Justice Minister Rein Lang and Interior Minister Juri Pihl decided at a July 18 meeting to initiate a legal amendment by which driving with a blood alcohol level of 15 mg or higher per 100 ml of blood will be an offense punishable under criminal law. The current level is 20mg alcohol per 100ml blood.
The rule will even apply to first-time offenders, the daily Postimees said, closing a current loophole that means they can only be charged with a relatively minor misdemeanor, regardless of their level of intoxication. At the moment drink driving can be treated as a criminal offense only the second time an offender is caught.
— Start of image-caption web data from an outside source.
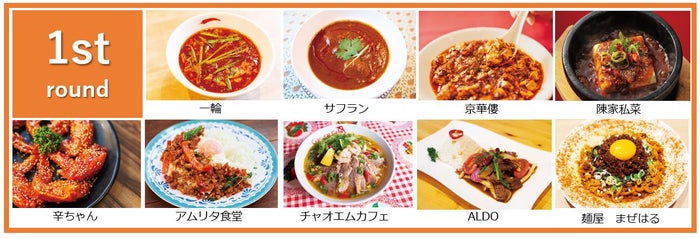 画像提供:激辛グルメ祭り実行委員会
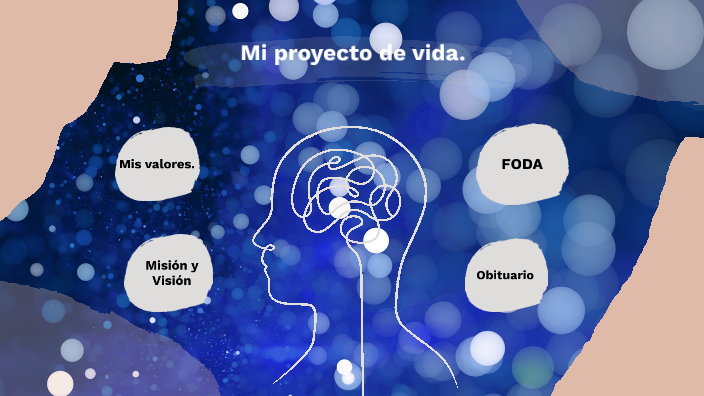 Mi proyecto de vida by Nestor Solis Martinez on Prezi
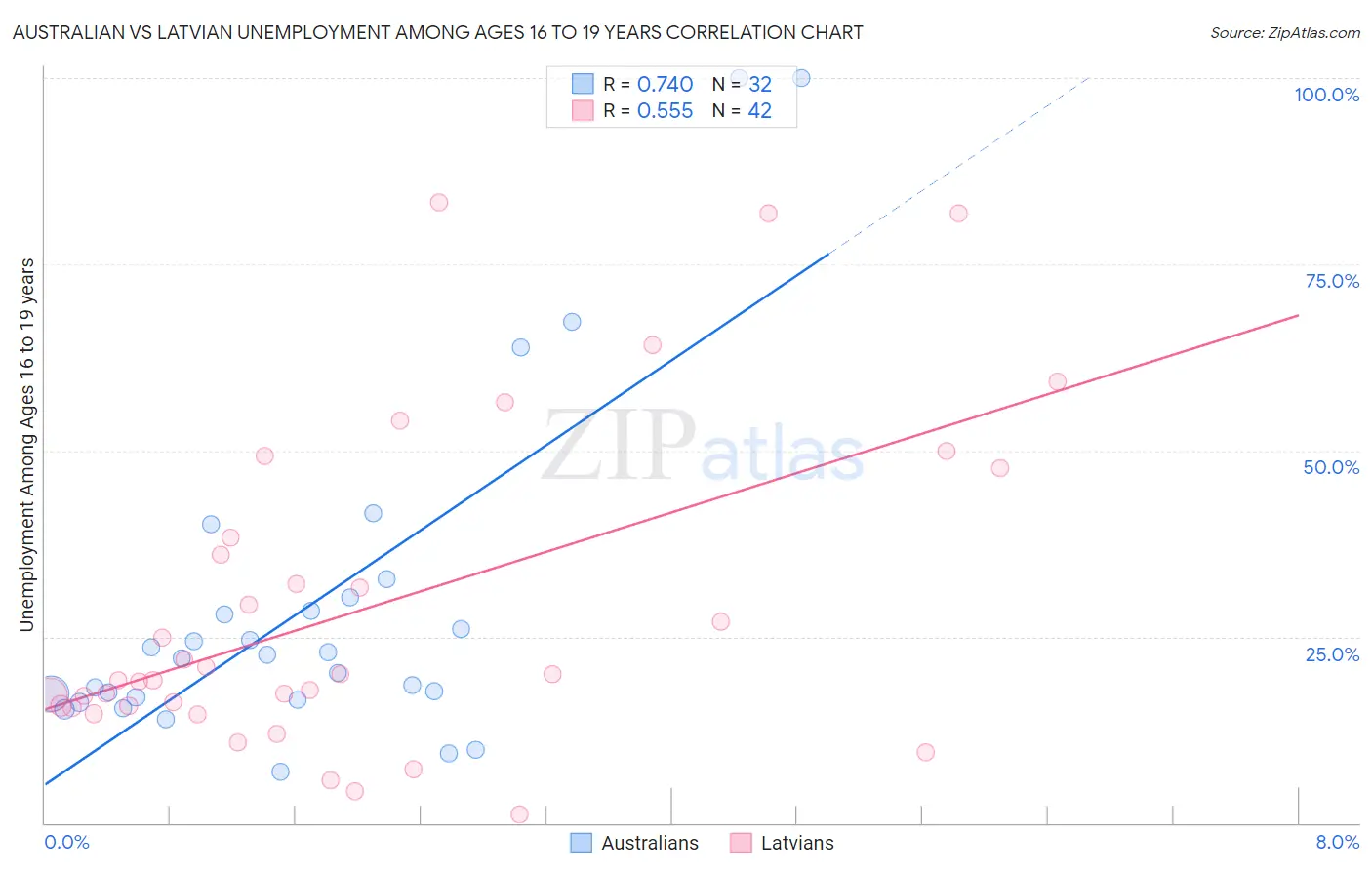 Australian vs Latvian Unemployment Among Ages 16 to 19 years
"We were unanimous that in the case of a blood alcohol level of 15 mg one can no longer speak of alcohol residue or accidental intoxication," Lang told the newspaper, adding that a blood alcohol level of that rank clearly showed that the person had knowingly sat behind the wheel when intoxicated.
Interior Minister Juri Pihl said that the speed of processing misdemeanor procedures should also be reviewed.
"Right now… the handling of a misdemeanor committed in road traffic may take up to 45 days," the minister told the newspaper. That does not in any way match the principle that an offense must be followed by a punishment as soon as possible, Pihl said.
Pihl added that the stepped-up efforts to improve the situation in road traffic will not involve a major increase in the number of police patrols on the roads.
Instead, police intend to make better use of electronic surveillance, which will be used more extensively from next year.
The drink-drive crackdown is certainly timely, coming in the same week that road death statistics were released showing that 95 people were killed on Estonian roads in the first six months of this year, compared to 72 during the same period last year.
Estonia has adopted a national strategy to bring the number of annual road deaths below 100 by 2015.